The .30 Super Carry -- What's The Point?

 

    If you have been paying attention to firearms related news you've probably seen articles and videos about Federal's new cartridge, the .30 Super Carry. It is being released under Federal's various lines of ammunition including Remington, Federal, and Speer, and will be available in HST and Gold Dot defensive loadings.

    Based on the articles and videos I've seen, the .30 Super Carry was intended to fill the performance gap between .380 ACP (9x17mm) and 9 mm Luger/Parabellum (9x19 mm) rounds. The 9x19 is the most popular round for pistols for self-defense, law enforcement, and even the military. The .380 has always lagged in popularity--at least in the United States--because it just doesn't offer the speed necessary for both good penetration and reliable expansion. Even though modern bullet designs have mostly addressed this issue, it would still be a little iffy when shot through heavy clothing. But what the .380 has going for it is that it is just enough shorter than 9 mm Luger to offer a smaller grip for those with smaller hands or for better concealed carry; and it can, with the right weapon, offer lower perceived recoil than the full sized 9 mm. The lower pressure of the .380 also makes it easier (and less expensive) to design and manufacture a handgun because it can work in a simple blowback design.

    So, one would expect that a new cartridge to bridge the gap between the .380 and 9 mm would try to keep the good points of .380--the lower recoil and slightly smaller length compared to the 9 mm--while giving better velocity. Unfortunately, that does not appear to be what Federal did with the .30 Super Carry.
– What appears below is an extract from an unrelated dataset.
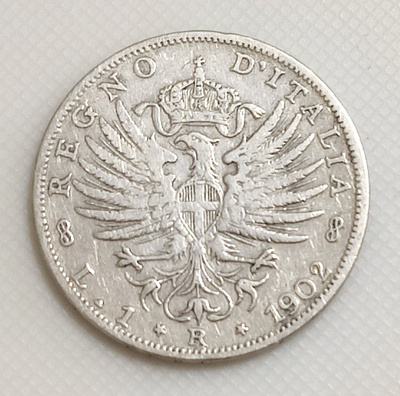 Italia 1 Liira 1902R, Vittorio Emanuele III, hopeakolikko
    The new cartridge is smaller, but only in diameter (it uses a bullet of .312" diameter). The case length is apparently just a tad longer than the 9x19 mm. This allows an increase of one or two rounds for a given magazine size, but will otherwise require the same sized grip as the 9 mm. 

    If offers muzzle energy comparable to some 9 mm loads. For instance, Shooting Illustrated reports:

The 100-grain Federal load will provide 347 ft-pounds of muzzle energy; Remington’s 100-grainer offers 336. Meanwhile, the Speer 115-grainer generates 338 ft-pounds. Those numbers compare well to the 381 and 313 ft.-pounds produced by Federal’s 124-grain and 147-grain 9 mm loads, respectively. Moreover, JHP bullets in the new cartridge expand 1.9 times original caliber, almost identical to the best 9 mm loads, which expand 1.915 times initial diameter.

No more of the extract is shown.